Windsor

Digital artist says her work is a way to 'reconstruct' Black identity

Kiki Symoné has the theme for her artwork for the year sketched out on the wall of her small workspace in an upstairs suite in Walkerville. BLM, the acronym for Black Lives Matter, is written at the top. 

Windsor's Kiki Symoné says in January she only had 8 sales but now her prints are selling worldwide

Kiki Symoné in her workspace in an upstairs suite in Walkerville. (Jacob Barker/CBC)

Kiki Symoné has the theme for her artwork for the year sketched out on the wall of her small workspace in an upstairs suite in Walkerville. 

BLM, the acronym for Black Lives Matter, is written at the top. 

Further down "Justice 4 Breonna Taylor. Justice 4 George Floyd," is written.

Words and colours written — meant to inspire her artwork.

"I try to use a lot of white and black lines," Symoné said. "To me it represents hope and change for a better world." 

Her work highlights Black people doing every day things — a way to counter stereotypes perpetuated by the media.

One of her pieces "levitate levitate levitate" shows a graduation ceremony. Another of the most popular works depicts young ballerinas, and in another a typical barbershop scene. 

"I think my goal is to reconstruct our identity and to show a different narrative of who we are and can be.... I feel like that's my responsibility to try to offer a different perspective of just being vulnerable and feeling."

Other works show hands, of all shades. In one they are raised in the air, in another they form a circle.  

Digital artist Kiki Symoné holds a print of u.ni.ty. She says this is one of her most popular pieces. (Jacob Barker/CBC)

There are also works depicting scenes of protest. 

"I just feel like it's time. I feel like the Black Lives movement has been around for almost seven years. I feel like now's the time to get educated, now's the time to start reading about, you know, black lives really do matter," she said.

I was always seen but never really heard,- Kiki Symoné, artist

"It's one thing if you just listen to rap music and buy our art [but] really try to educate yourself on you know what's going on — police brutality, social inequalities, injustices."

Faceless

All the characters in her art are faceless as a way, she says, for people to be able to "walk" into her artwork.

"I really want them to be able to really feel it and resonate with it.

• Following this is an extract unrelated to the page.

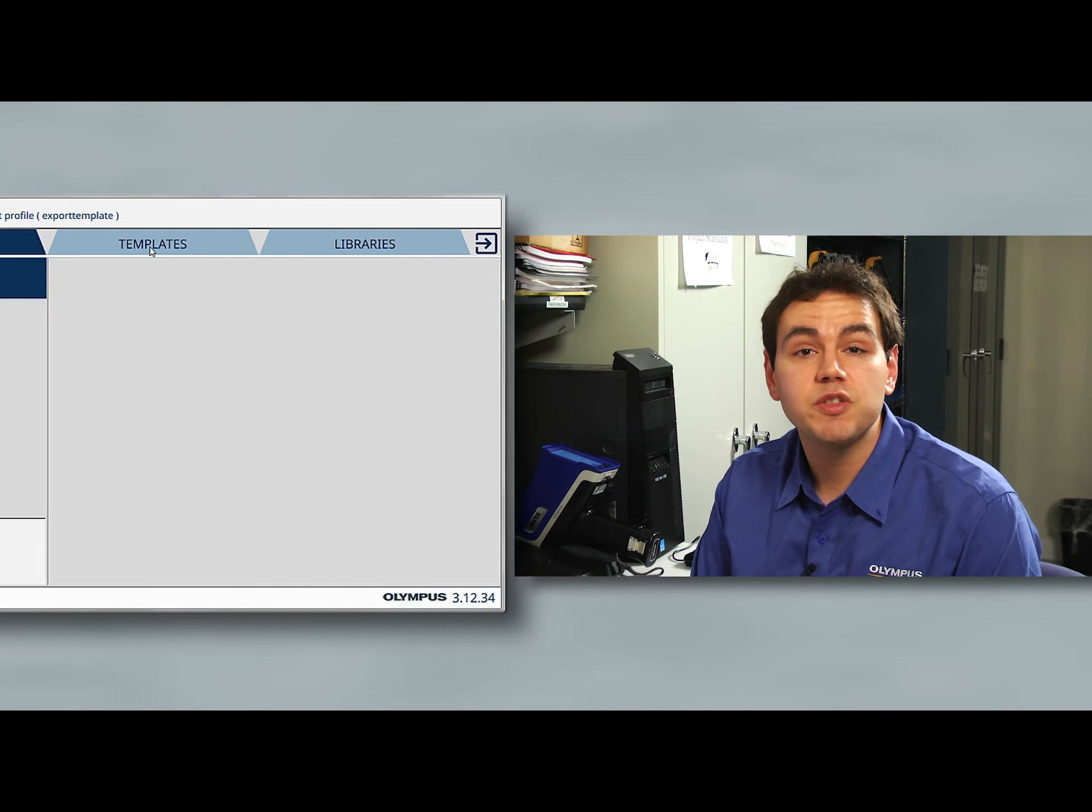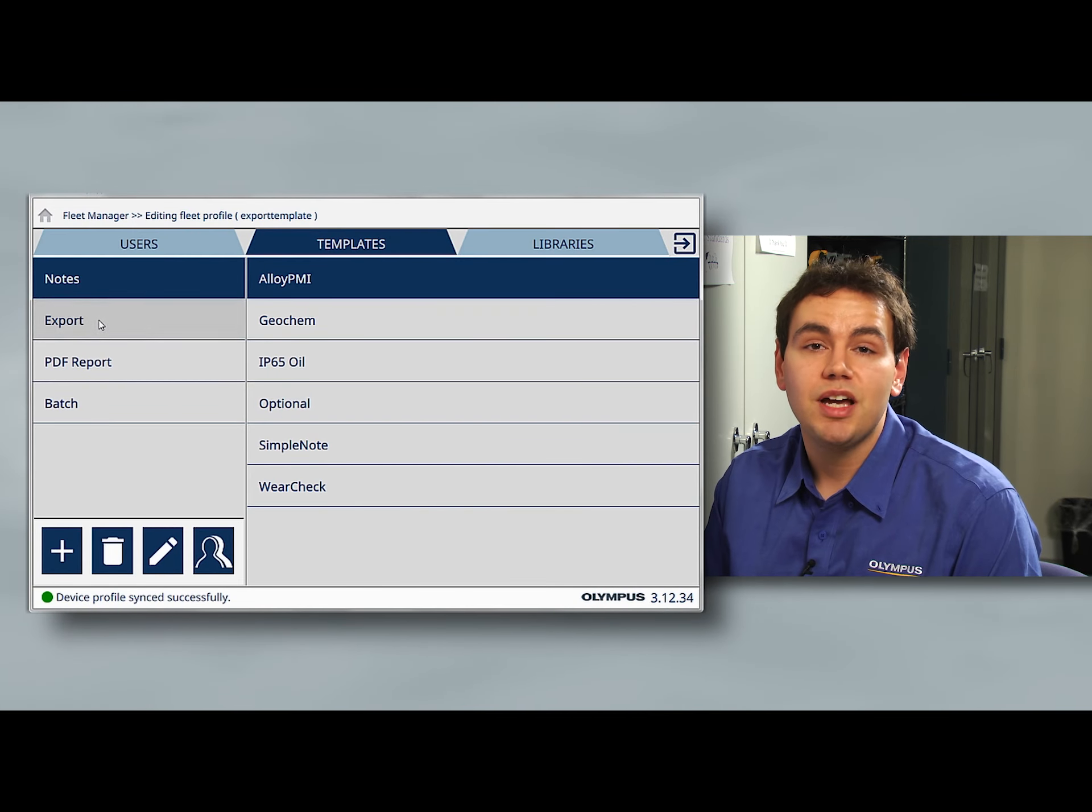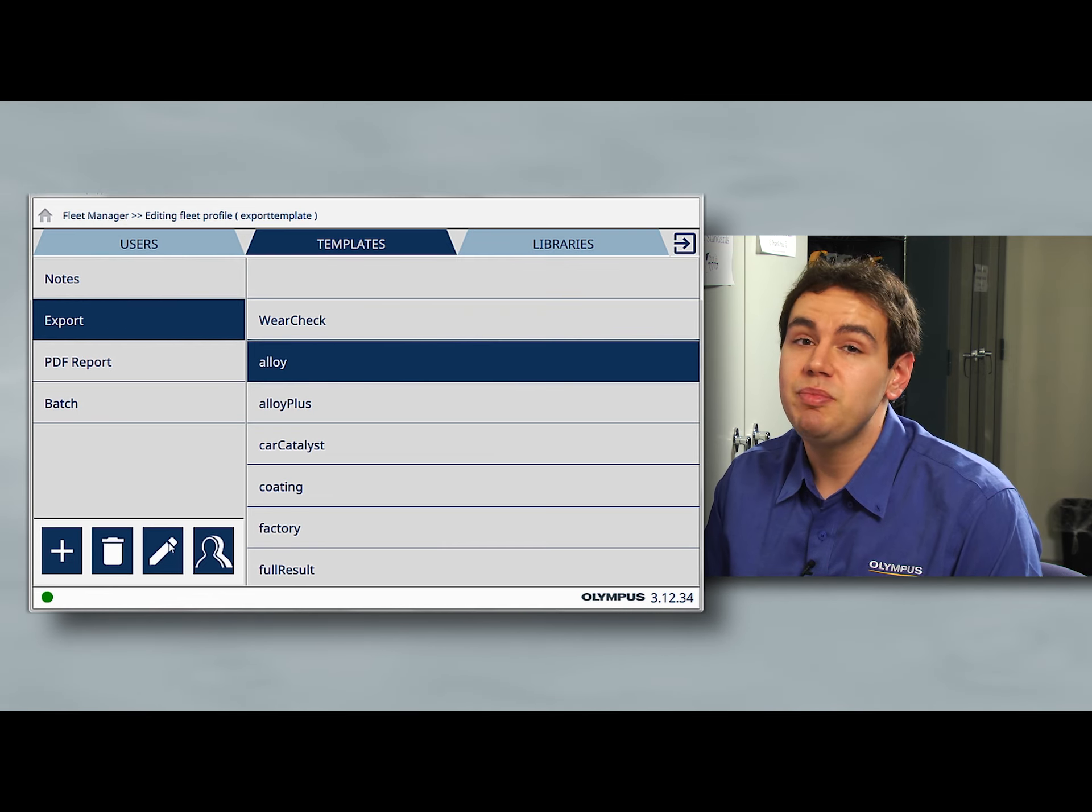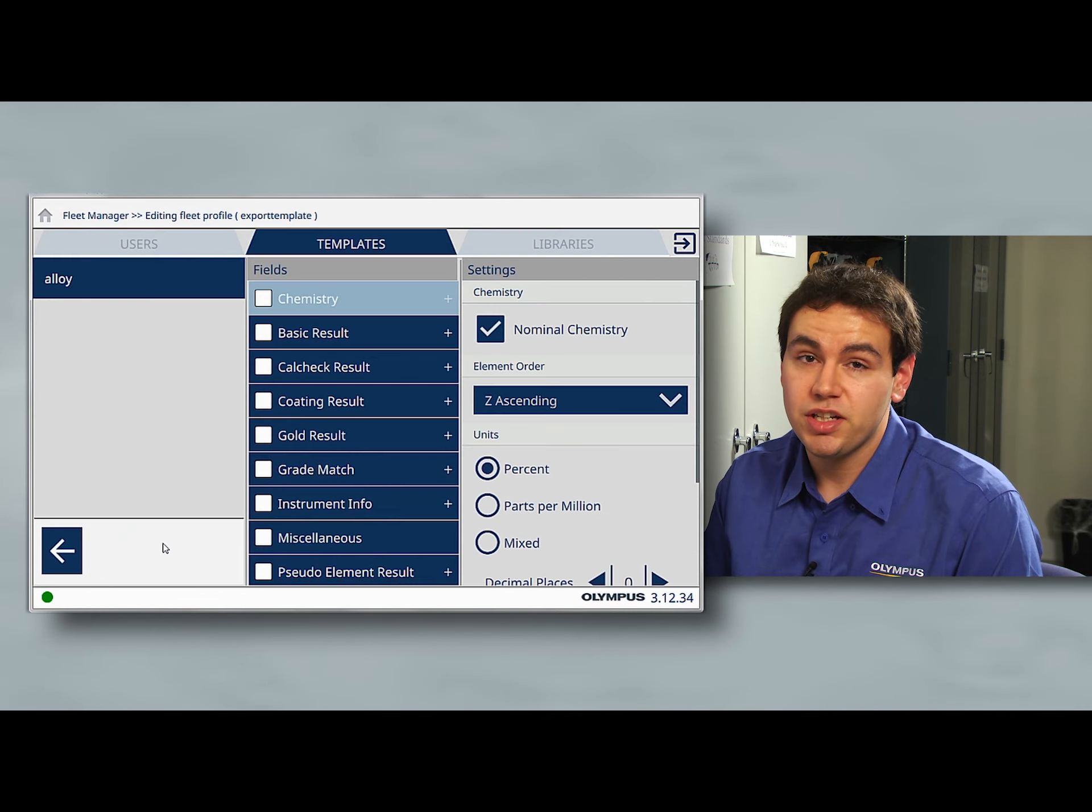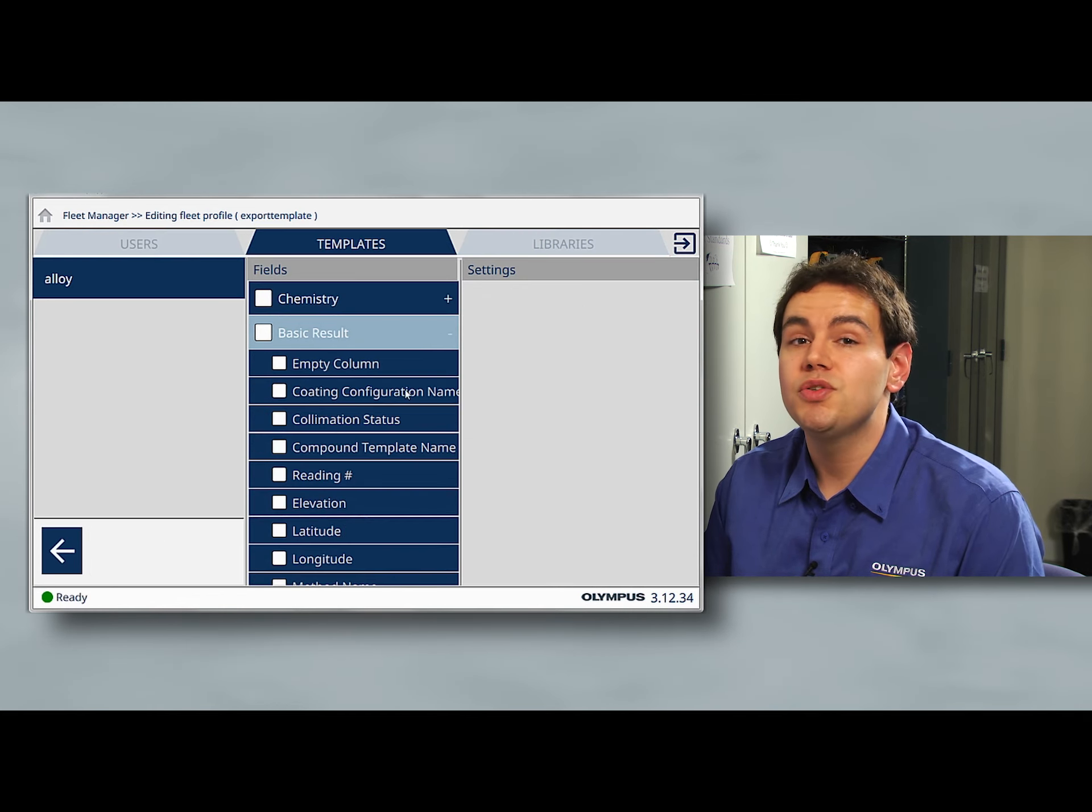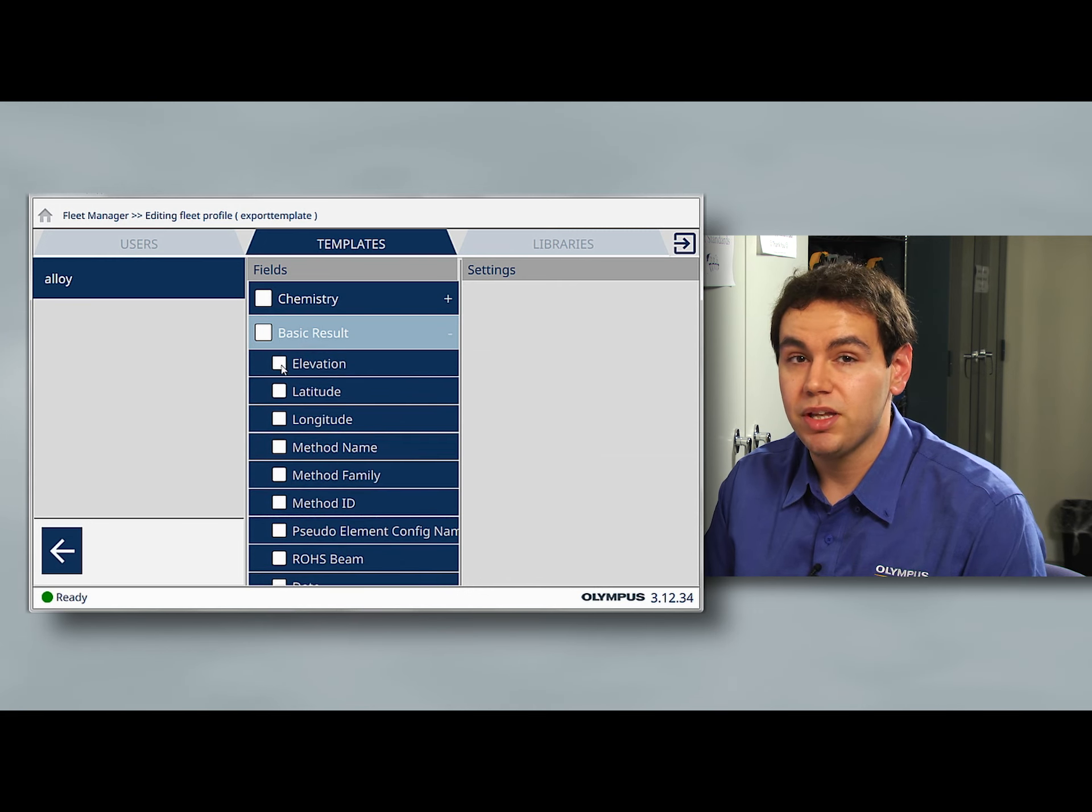The latitude, longitude, and elevation can all be exported as well. This can be done using any export template by checking the GPS information in the fleet manager. Once you select this for the export template, the GPS information will be exported for any samples collected while the GPS is on.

That's why they're faceless because I want everybody to be able to feel themselves inside each print."

Symoné says her experience being the only Black kid in all classes at school plays into her art.

"I was always seen but never really heard." 

She goes by the name artdealerchick online and markets herself on social media as well as on Etsy.

In January she only had eight sales, but more recently, since the resurgence of the Black Lives Matter movement, her art has been selling all over Canada, in Europe and the U.S.

"My sales have literally spiked," she said.

Symoné creates her digital works in a small room in an upstairs suite in Walkerville. (Jacob Barker/CBC)

"Especially in the United States, I have a lot of people from Minneapolis, the location of George Floyd's murder."

"I notice a need for it, for sure, and clearly they do. They maybe feel inspired by it."

Here in Windsor, Symone's work is available at the Whiskeyjack Boutique, a downtown shop, as well as on her Etsy page.

She also does commissioned work for people often asking her to draw them and their families.

"I really take joy in that because I get to see the pictures that they sent and then I get to re represent their story which is awesome of all you know all people not just black people," she said. 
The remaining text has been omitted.